── PROVIDED RECORDS ──
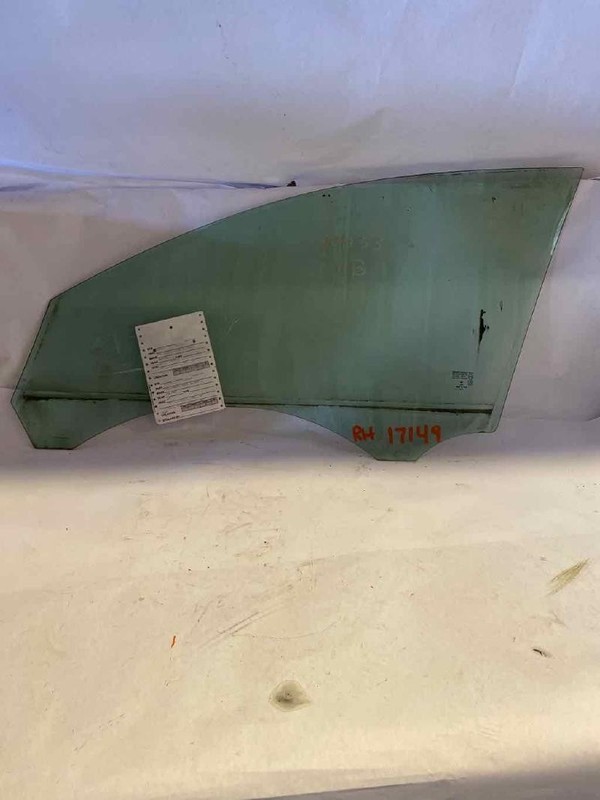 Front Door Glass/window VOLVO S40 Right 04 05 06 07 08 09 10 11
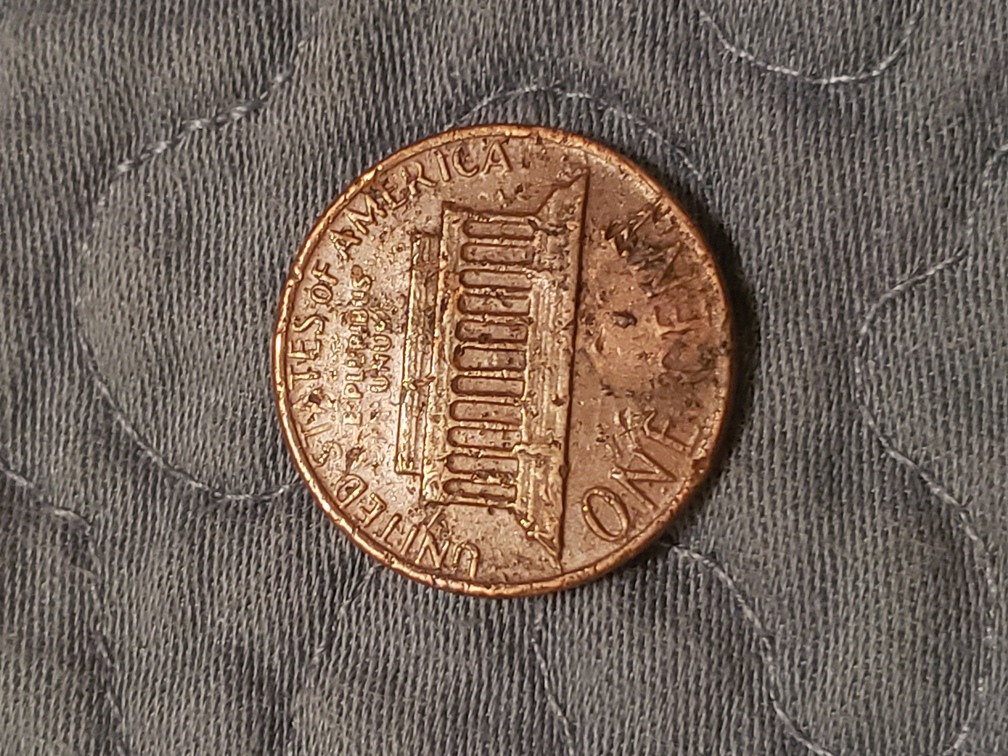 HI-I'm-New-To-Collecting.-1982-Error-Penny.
───
── PROVIDED RECORDS ──
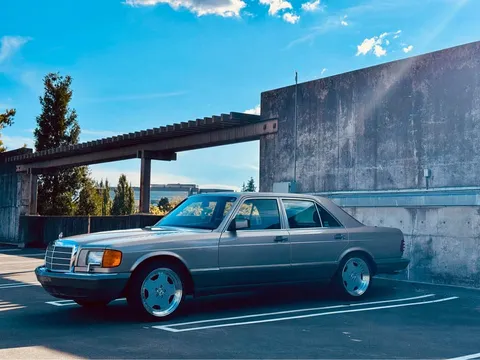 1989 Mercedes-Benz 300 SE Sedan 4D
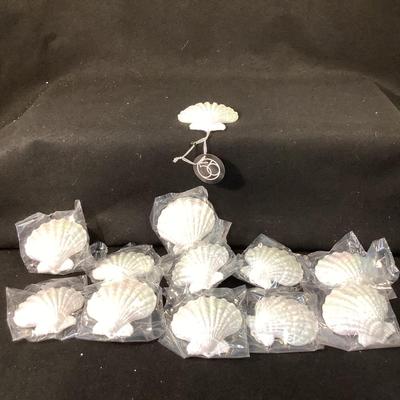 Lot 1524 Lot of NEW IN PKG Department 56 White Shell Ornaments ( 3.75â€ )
───
■ YOUR INSTRUCTIONS ■
In the listing above, find the line with "Front Door Glass/window" and the line with "HI-I'm-New-To-Collecting.-1982-Error-Penny.". Copy exactly those lines and all between them, minus the images.

■ RESULT OF THE EXERCISE ■
 Front Door Glass/window VOLVO S40 Right 04 05 06 07 08 09 10 11
 HI-I'm-New-To-Collecting.-1982-Error-Penny.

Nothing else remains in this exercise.